● Prompt: Your reply should restate the lines from the top of the entries through the line containing "Suela de zapatilla" word for word, with no pictures.
Material provided section start
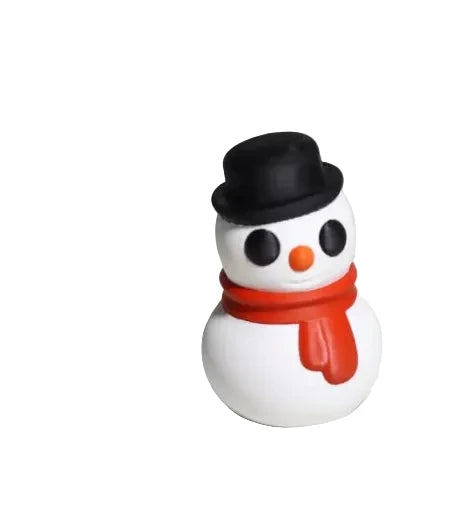 Small Snowman Wiggies articulated toy by NiccieNacks featuring a cute snowman figure with movable limbs and detailed winter accessories.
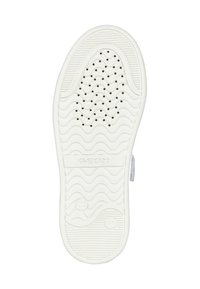 Suela de zapatilla de goma blanca con patrón de olas y agujeros de ventilación. Presenta el logotipo "GEOX" en relieve y bordes estriados distintivos para mayor tracción.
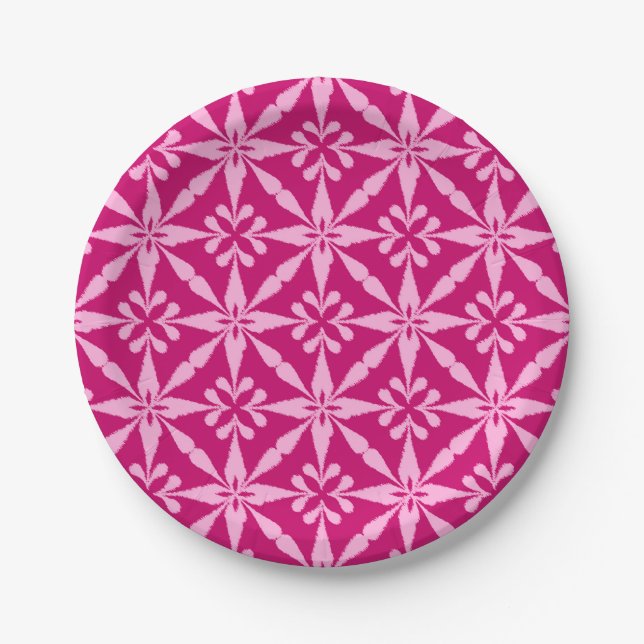 Ikat Star Pattern - Fuchsia Pink Pappteller (Vorderseite)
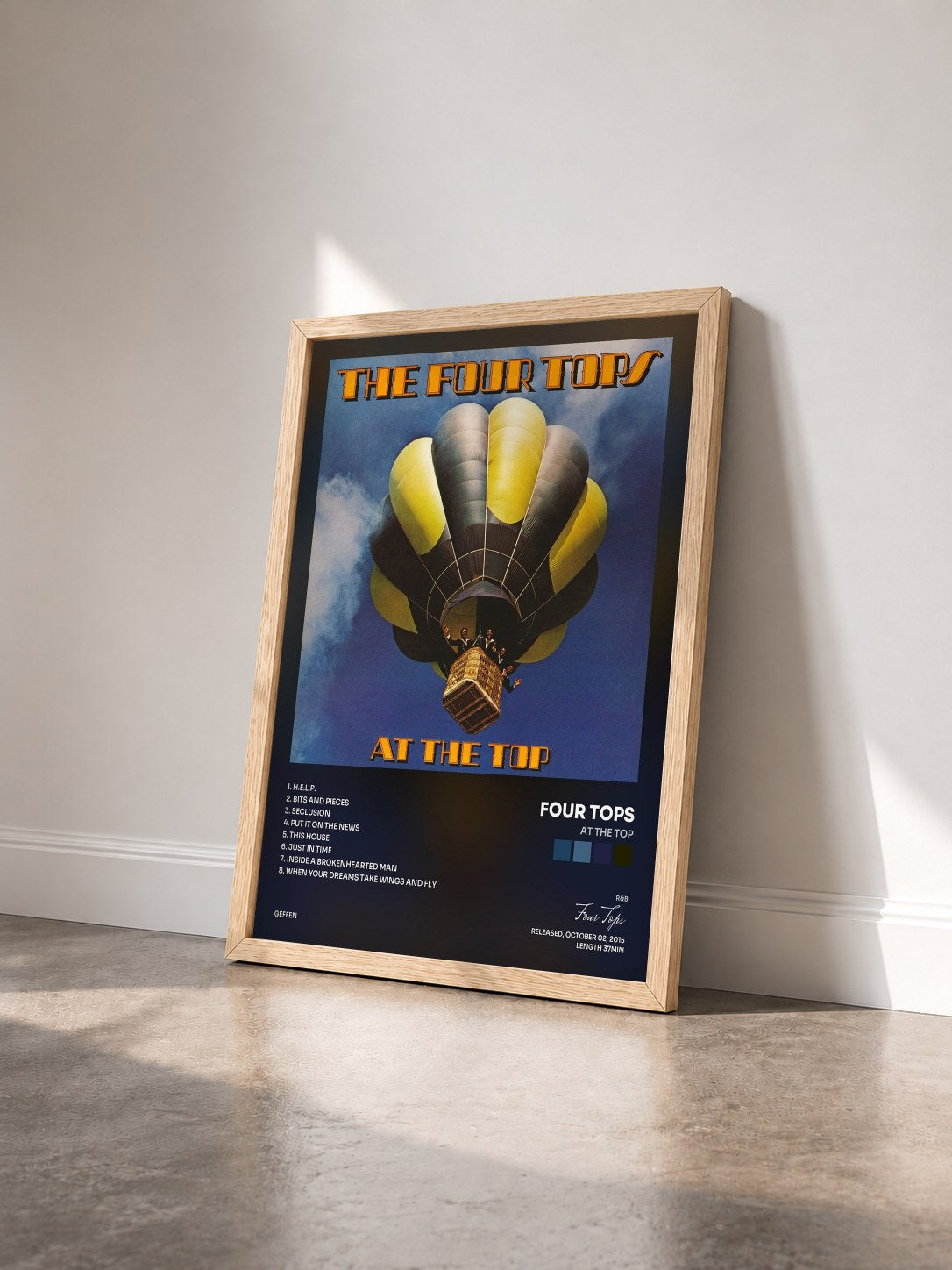 #bois Tableau de l'album At The Top de Four Tops vu de trois quarts, cadre en bois brut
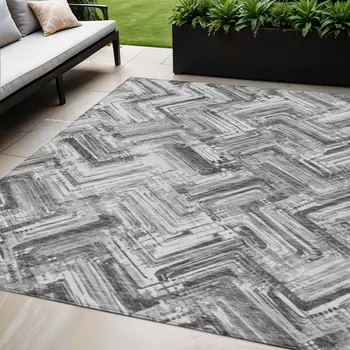 5' X 8' Gray Silver And Ivory Geometric Washable Indoor Outdoor Area Rug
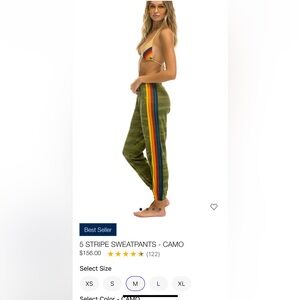 Women’s Aviator Nation Camouflage Joggers with Rainbow Stripe M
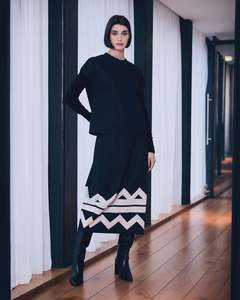 Peruzzi: Peruzzi- Zig Zag Skirt | Black/Ecru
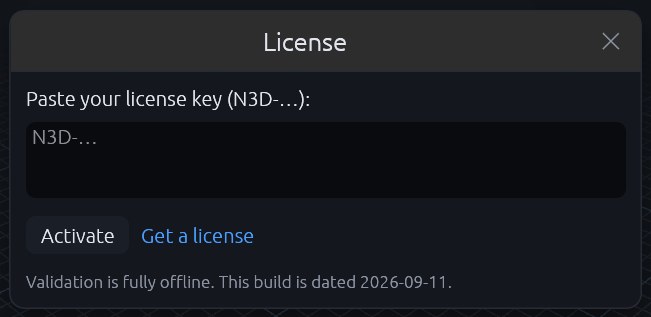 The License window of Neurones 3D, where a licence key starting N3D- is pasted and activated offline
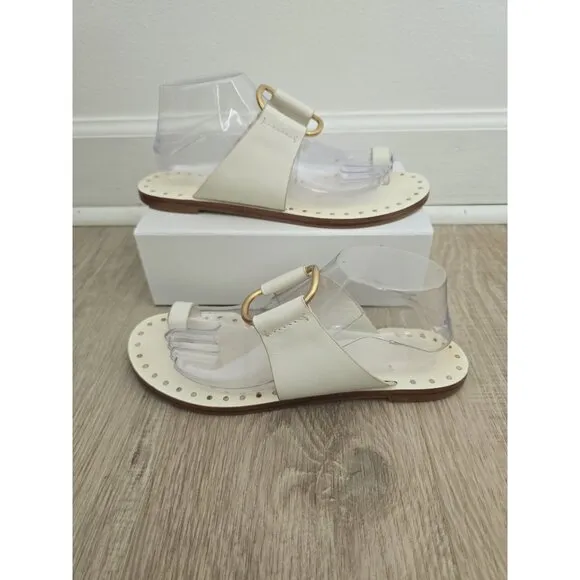 Tory Burch Ravello Studded Leather Ivory White Embellish Slide Sandals Shoes 10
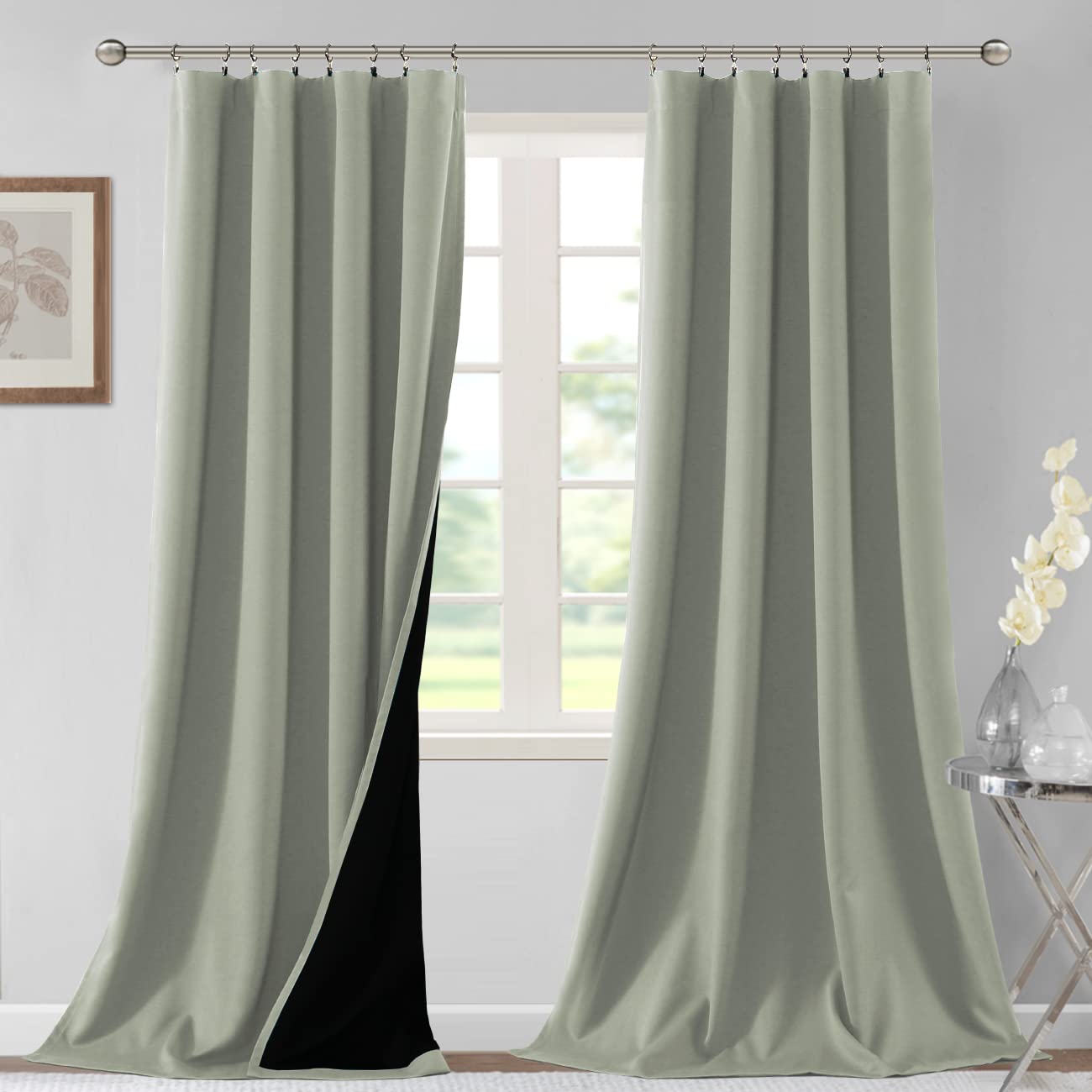 H.VERSAILTEX 100% Blackout Curtains for Bedroom Thermal Insulated Blackout Curtains 108 Inches Long Rod Pocket/Clip Rings Curtai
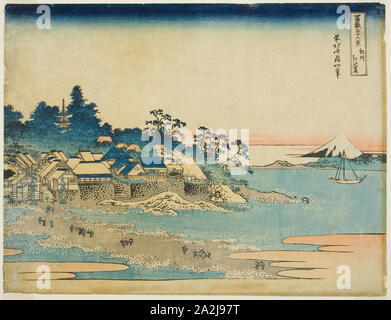 Enoshima in Sagami Provinz (soshu Enoshima), aus der Serie 36 Ansichten des Berges Fuji (Fugaku sanjurokkei), C. 1830/33, Katsushika Hokusai 葛飾 北斎, Japanisch, 1760-1849, Japan, Farbe holzschnitt, Oban, 10 1/8 x 14 3/4 in Stockfoto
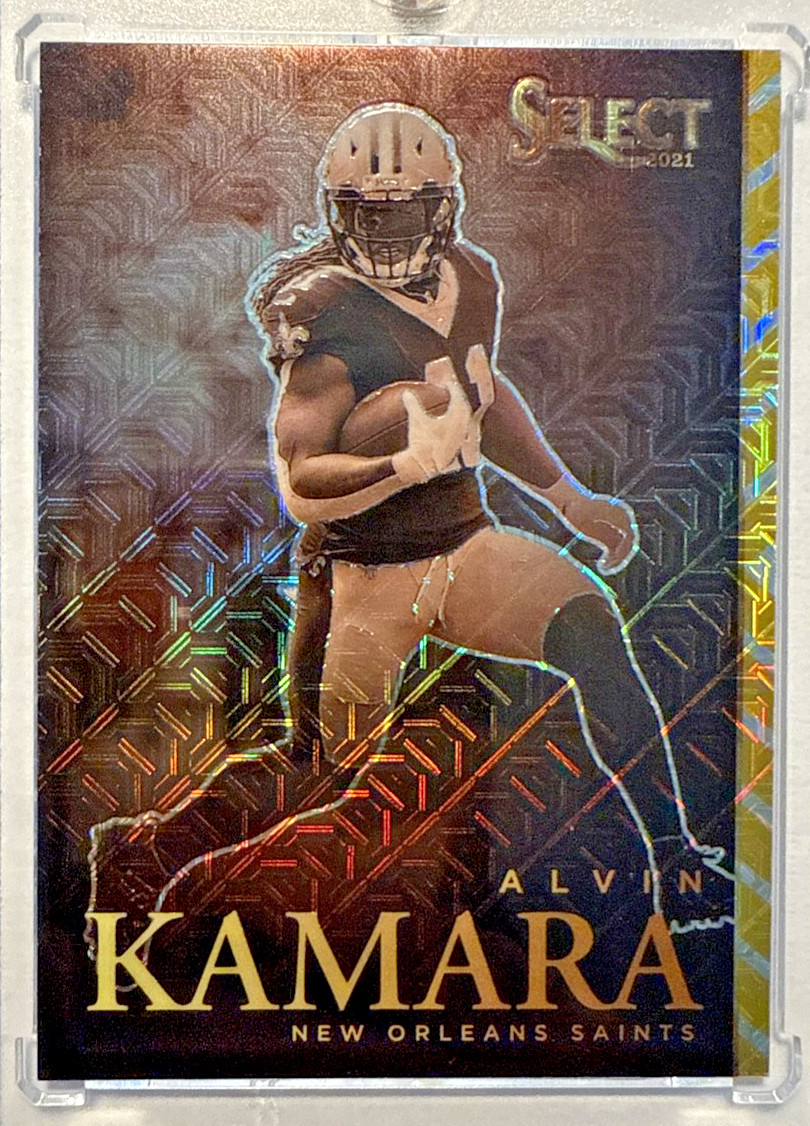 2021 Panini Select - Alvin Kamara Artistic Selections Gold Prizm #AS-25 /10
Material provided section end
● Result for this exercise:
 Small Snowman Wiggies articulated toy by NiccieNacks featuring a cute snowman figure with movable limbs and detailed winter accessories.
 Suela de zapatilla de goma blanca con patrón de olas y agujeros de ventilación. Presenta el logotipo "GEOX" en relieve y bordes estriados distintivos para mayor tracción.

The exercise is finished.